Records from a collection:

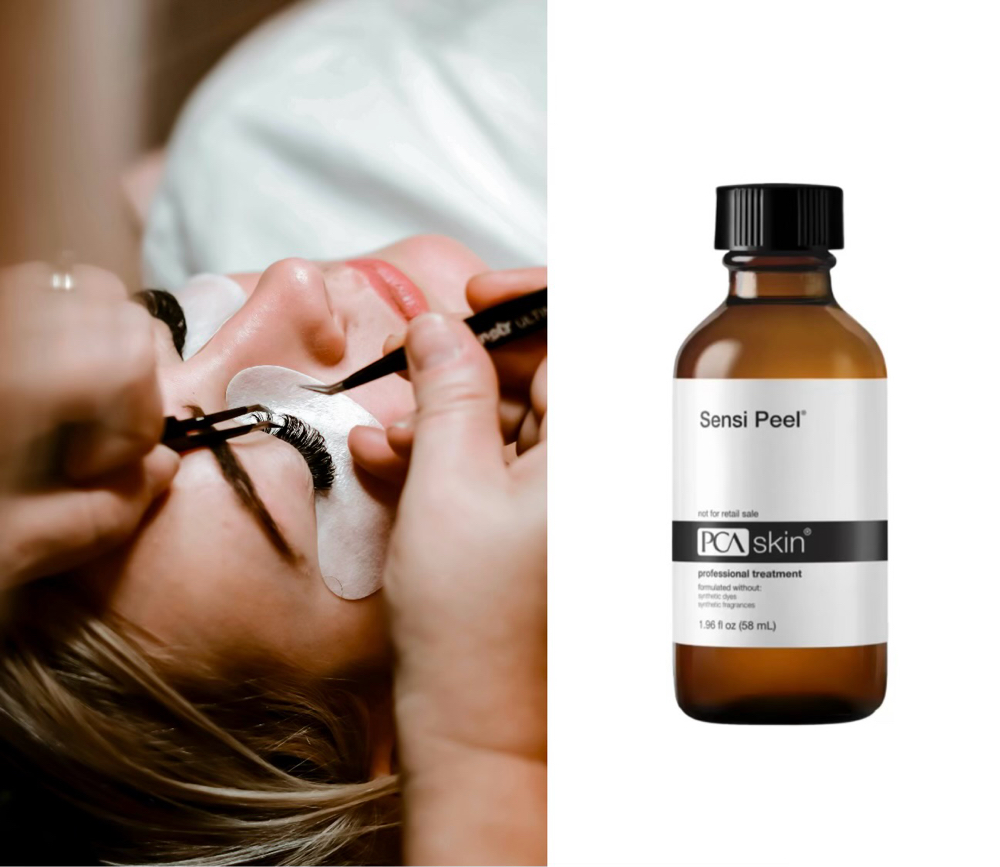Lash, Peel, Glow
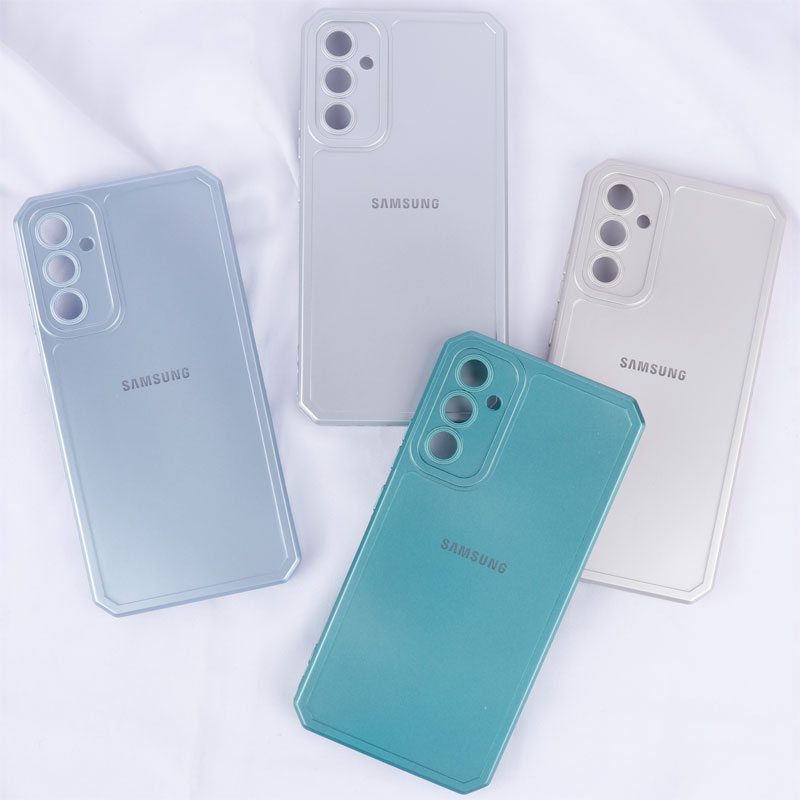 قاب متالیک ژله ای محافظ لنزدار Samsung Galaxy A34
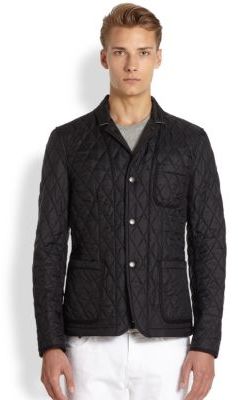 Burberry Brit Howe Quilted Jacket, $495 
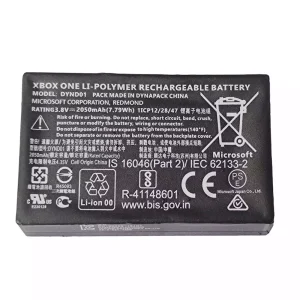 交換用 バッテリー 対応 Xbox Elite 2 DYND01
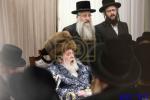 כ"ק אדמו"ר מוווזניץ שליט"א אפגעראכטן סעודת ר"ח ניסן בביתו נאוה קודש אין חצור 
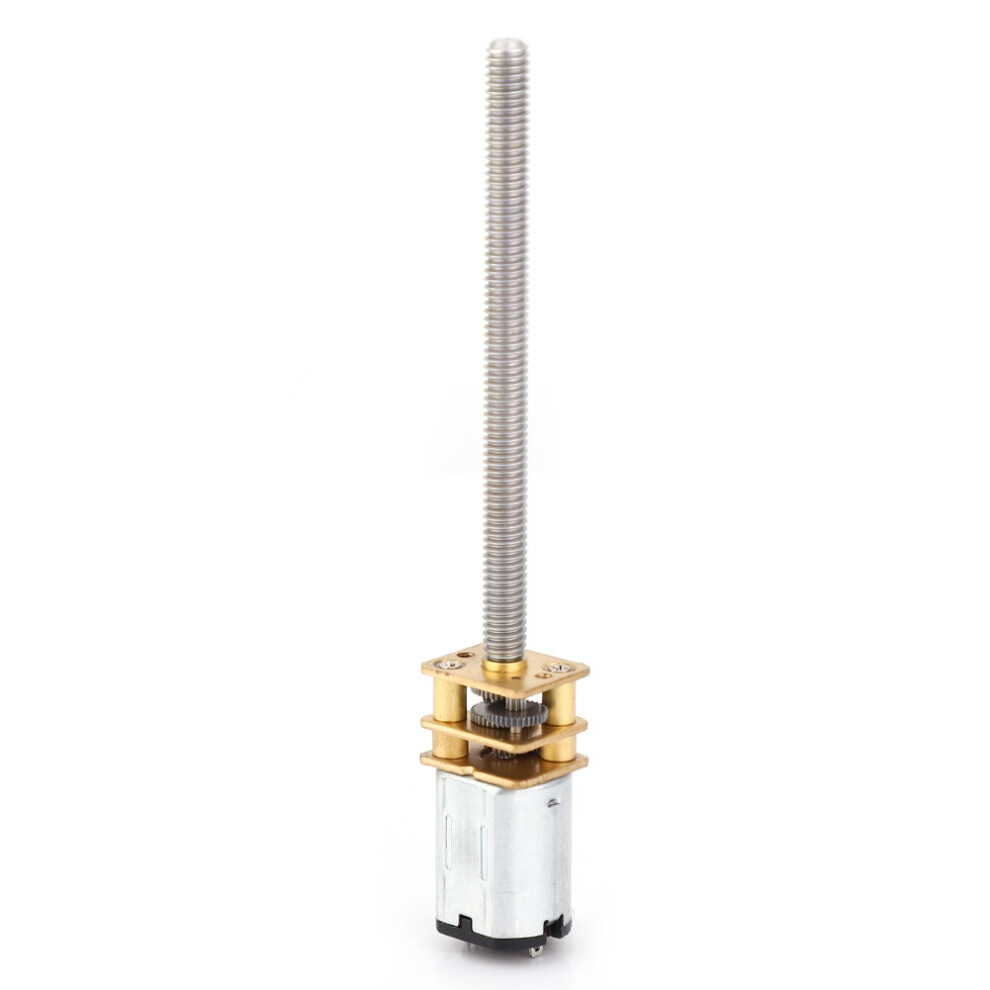 6V N20 Gear Motor With Lead Screw M4x55mm Speed Reducer Ball Screw Part 4391363446670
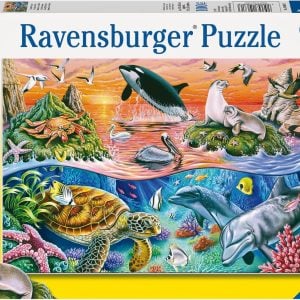 Ravensburger - Beautiful Ocean Puzzle 100pc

What the task requires: From top to bottom, restate the records above exactly and omit every picture.

Answer to the exercise:
Lash, Peel, Glow
 قاب متالیک ژله ای محافظ لنزدار Samsung Galaxy A34
 Burberry Brit Howe Quilted Jacket, $495 
 交換用 バッテリー 対応 Xbox Elite 2 DYND01
 כ"ק אדמו"ר מוווזניץ שליט"א אפגעראכטן סעודת ר"ח ניסן בביתו נאוה קודש אין חצור 
 6V N20 Gear Motor With Lead Screw M4x55mm Speed Reducer Ball Screw Part 4391363446670
 Ravensburger - Beautiful Ocean Puzzle 100pc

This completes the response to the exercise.